— Goal of the exercise —
For the entries that follow, retype exactly the lines from the one containing "さわだ - 禁煙席にはステージがあります。" to the one containing "maison 10 pièces", inclusive, and only those. Images stay out of the copy.

(Data for the task)

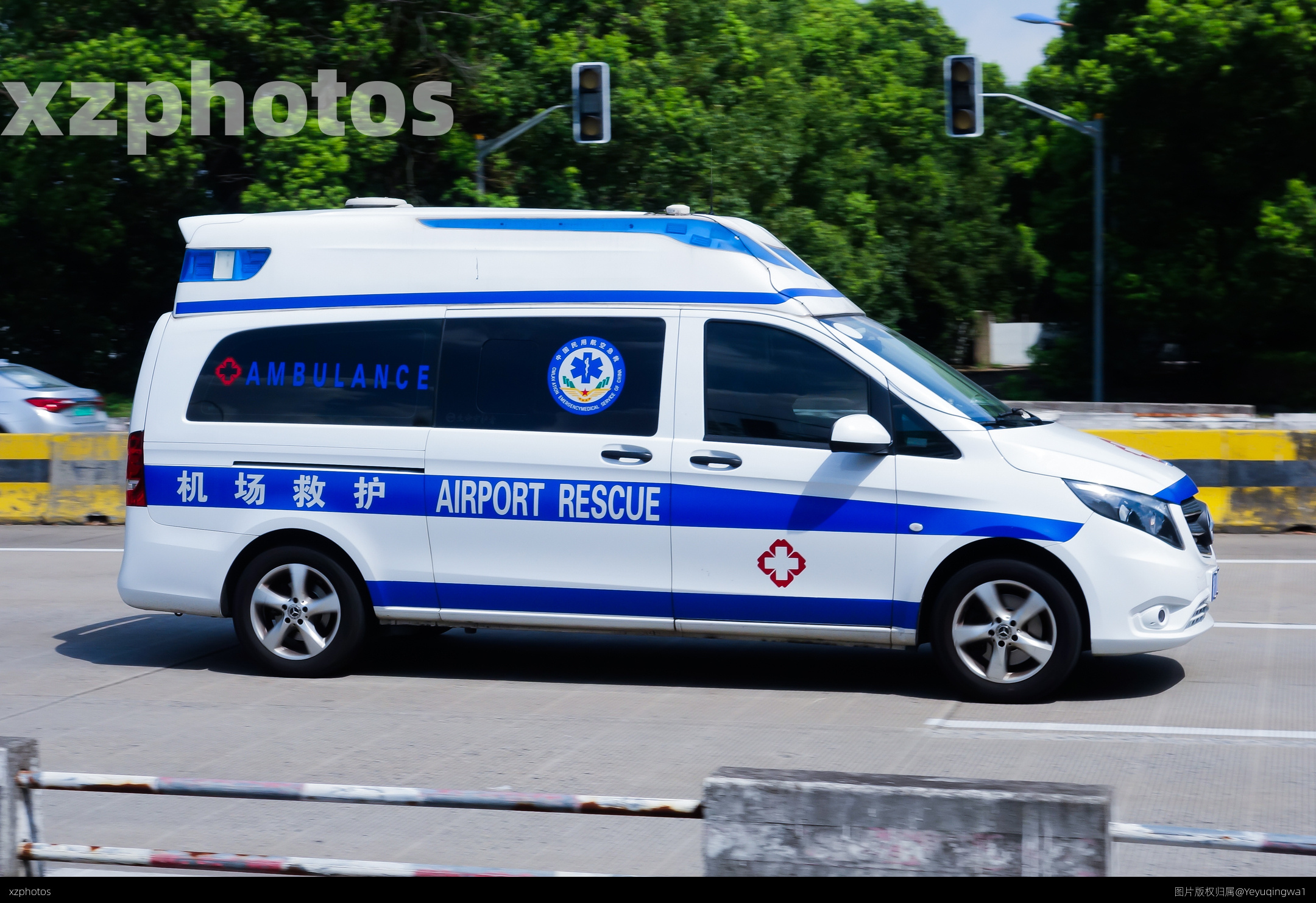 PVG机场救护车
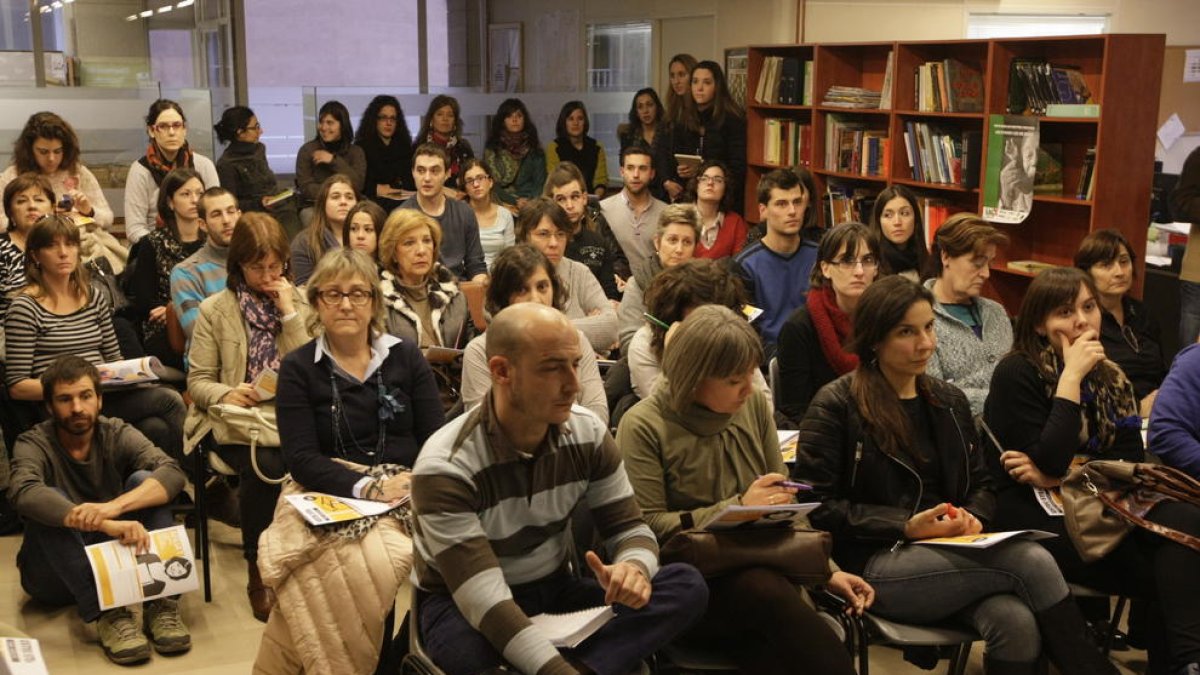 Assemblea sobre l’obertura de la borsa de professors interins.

(End Data for the task)
(Data for the task)

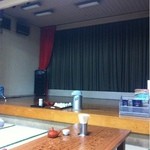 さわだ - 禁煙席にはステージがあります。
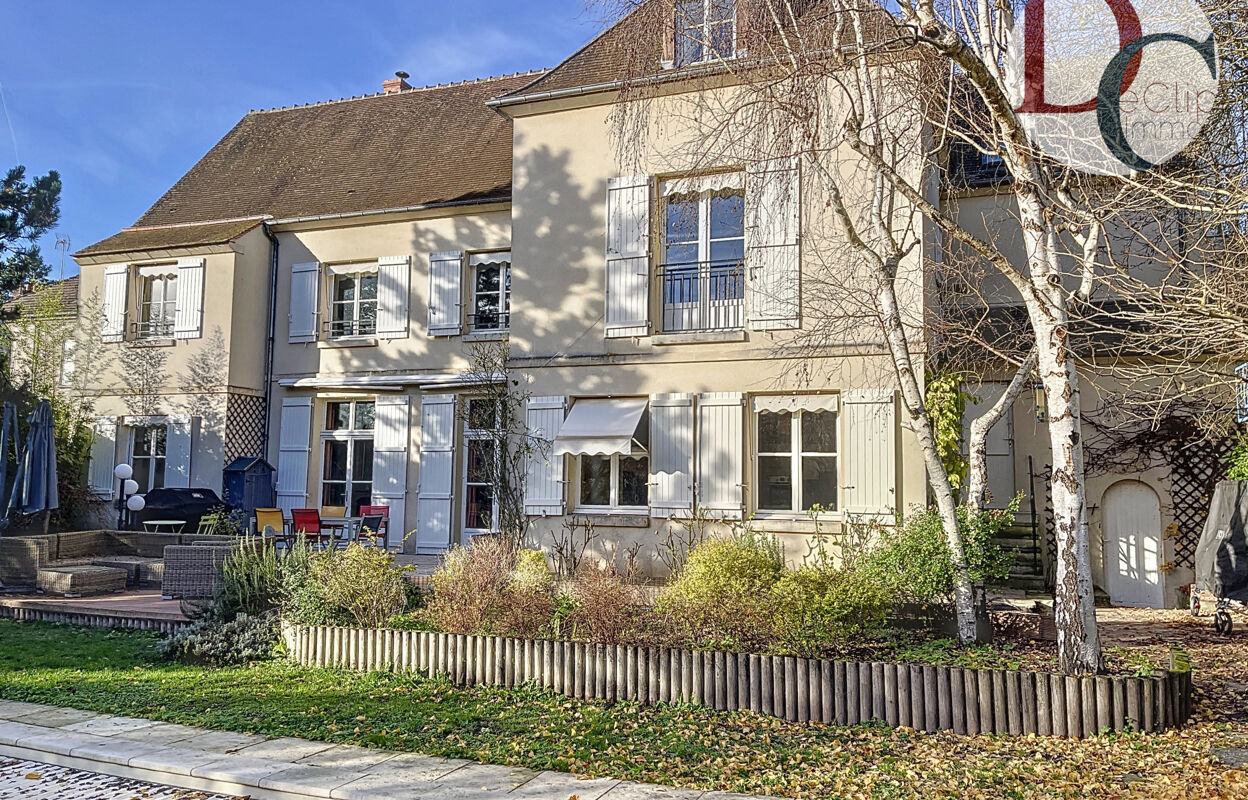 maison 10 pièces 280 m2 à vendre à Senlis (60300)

(End Data for the task)

— Exercise output —
 さわだ - 禁煙席にはステージがあります。
 maison 10 pièces 280 m2 à vendre à Senlis (60300)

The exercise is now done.